Coil split et coil tap : modi­fier le son de ses micros guitare

Pour faire varier le son d’un micro, les construc­teurs installent souvent des switches supplé­men­taires ou des systèmes de push/pull ou push/push sur un ou plusieurs poten­tio­mètres. Ces switches activent les modes « Split » ou « Tap » que nous allons détailler.

Coil Split

Cette tech­nique ne concerne que les micros humbu­ckers ou les micros à plusieurs bobines. Elle consiste à désac­ti­ver une des bobines afin de n’en conser­ver qu’une seule active. On obtient donc un son plus clair, moins de niveau de sortie et de graves et un son qui ressemble davan­tage à celui d’un micro simple (mais souvent plus fluet). Atten­tion cepen­dant, quand on split un humbu­cker, on récu­père des bruits para­sites, l’an­nu­la­tion de bruit n’étant plus effec­tive. 

Coil Tap

Ce procédé s’ap­plique surtout aux micros simples ou à des humbu­ckers spéci­fiques. En plus du fil de fin de bobine, un micro « tapped » possède un autre fil qui sort à un autre point de la bobine. On a donc deux sorties de bobine : une sortie complète avec le bobi­nage complet et une sortie « tap » avec moins de tours. La sortie « tap » a une sono­rité plus claire avec moins de niveau de sortie et plus de dyna­mique. Cette tech­nique présente le gros avan­tage de conser­ver la nature du micro et donc sa signa­ture sonore.

Niveau de sortie d’un micro guitare : défi­ni­tion et limites de mesure

Ce terme néces­site quelques éclair­cis­se­ments dans la mesure où il est utilisé comme un mot fourre-tout. Le niveau de sortie d’un micro est l’am­pli­tude du signal élec­trique que le micro produit quand la corde vibre, à la sortie de la guitare. On parle d’un signal alter­na­tif qui varie en fonc­tion de la puis­sance de l’at­taque sur les cordes, de la nature de la corde, du micro et de sa hauteur. Un micro à haut niveau de sortie va donc envoyer davan­tage de tension dans le circuit (poten­tio­mètres, câble, pédales, ampli) et faire satu­rer plus faci­le­ment l’étage suivant. À l’in­verse, un micro à faible niveau de sortie géné­rera moins de tension et aura donc plus de marge avant satu­ra­tion. 

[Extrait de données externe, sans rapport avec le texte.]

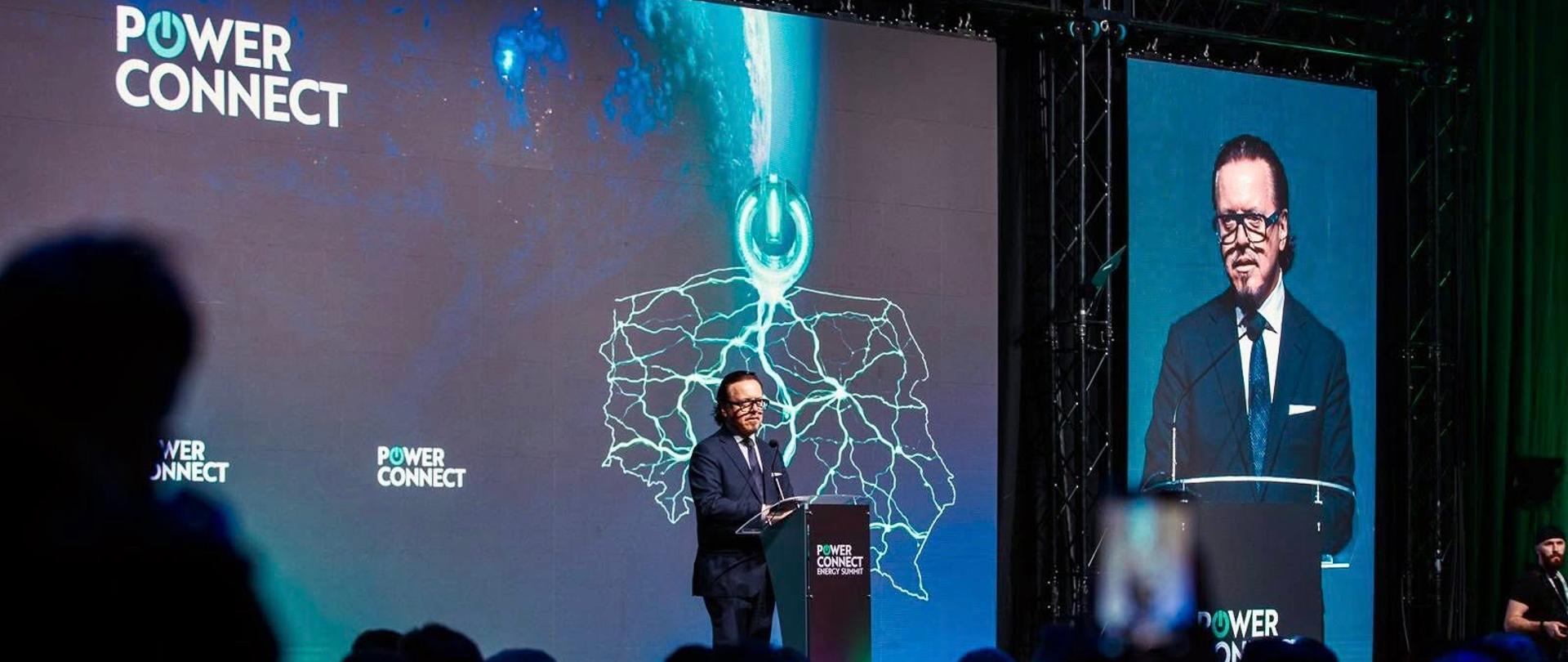 Minister Wojciech Balczun stoi za mównicą. W tle ekran z konturami mapy Polski i napis Power Connect. Ujęcie zza słuchaczy.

Atten­tion, le niveau de sortie ne repré­sente en aucun cas le gain. Un micro de guitare ne créé pas de gain comme un préam­pli peut le faire. Il créé un signal exprimé en milli­volts ampli­fié par un ampli­fi­ca­teur. Ce n’est pas non plus la résis­tance de sortie, expri­mée en kΩ. Cette résis­tance DC dépend du diamètre du fil, du type de fil et du nombre de tours. Le niveau de sortie est donc déter­miné par le nombre de tours de bobine, la force du champ magné­tique, l’in­duc­tance et la hauteur du micro.

22 - Multimeter

On mesure par conven­tion la résis­tance de sortie d’un micro parce qu’il s’agit d’une mesure simple et univer­selle. On peut l’ob­te­nir rapi­de­ment avec un simple multi­mètre. De plus, la résis­tance de sortie donne une vague idée du bobi­nage (plus il y a de tours de fil, plus la longueur de fil est impor­tante et donc plus la résis­tance augmente). Cela indique donc si le micro est « vintage » (entre 5kΩ et 8kΩ) ou « hot » (entre 10kΩ et 16kΩ). La résis­tance de sortie est donc une donnée impor­tante quand on compare des micros simi­laires. Cepen­dant, la compa­rai­son devient inutile quand on fait s’af­fron­ter deux micros diffé­rents (P-90 vs Humbu­cker, par exemple).